Charles Schwab: On the MarketPosted: 4/22/2016 4:15 PM ET
Stocks Rebound from Lows to Finish Mixed
U.S. equities rebounded from session lows to close on both sides of the unchanged mark, though the Nasdaq significantly underperformed its peers courtesy of some disappointing quarterly earnings reports from the tech sector. In light economic news, a preliminary read for U.S. manufacturing activity in April unexpectedly declined, but remained in expansion territory.
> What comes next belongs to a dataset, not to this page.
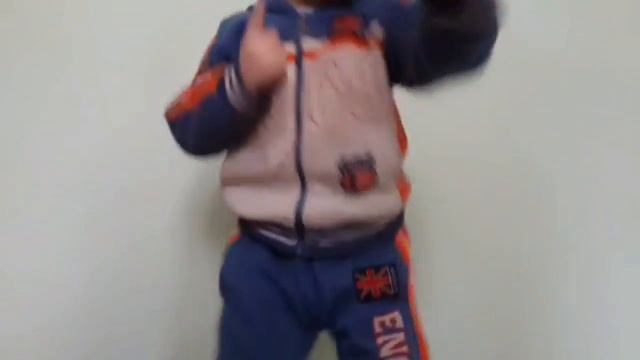 МЕЖДУ НАМИ ТАЕТ ЛЁД-ПАРОДИЯ НА КЛИП/АЗИЗКА.ИРИСКА смотреть онлайн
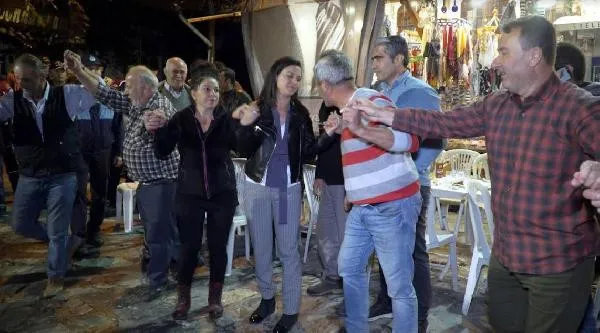 29 Ekim kutlamalarında skandal! CHP'li başkanlar birbirine girdi-1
Treasuries and gold were lower, while the U.S. dollar and crude oil prices were higher.
The Dow Jones Industrial Average (DJIA) increased 21 points (0.1%) to 18,004, the S&P 500 Index was flat at 2,092, and the Nasdaq Composite fell 40 points (0.8%) to 4,906. In moderately-heavy volume, 1.0 billion shares were traded on the NYSE and 2.0 billion shares changed hands on the Nasdaq. WTI crude oil gained $0.55 to $43.73 per barrel, wholesale gasoline was $0.02 higher at $1.55 per gallon and the Bloomberg gold spot price declined $14.56 to $1,233.49 per ounce. Elsewhere, the Dollar Index—a comparison of the U.S. dollar to six major world currencies—was 0.5% higher at 95.07. Markets were mixed for the week, as the DJIA advanced 0.6% and the S&P 500 Index gained 0.5%, while the Nasdaq Composite decreased 0.7%.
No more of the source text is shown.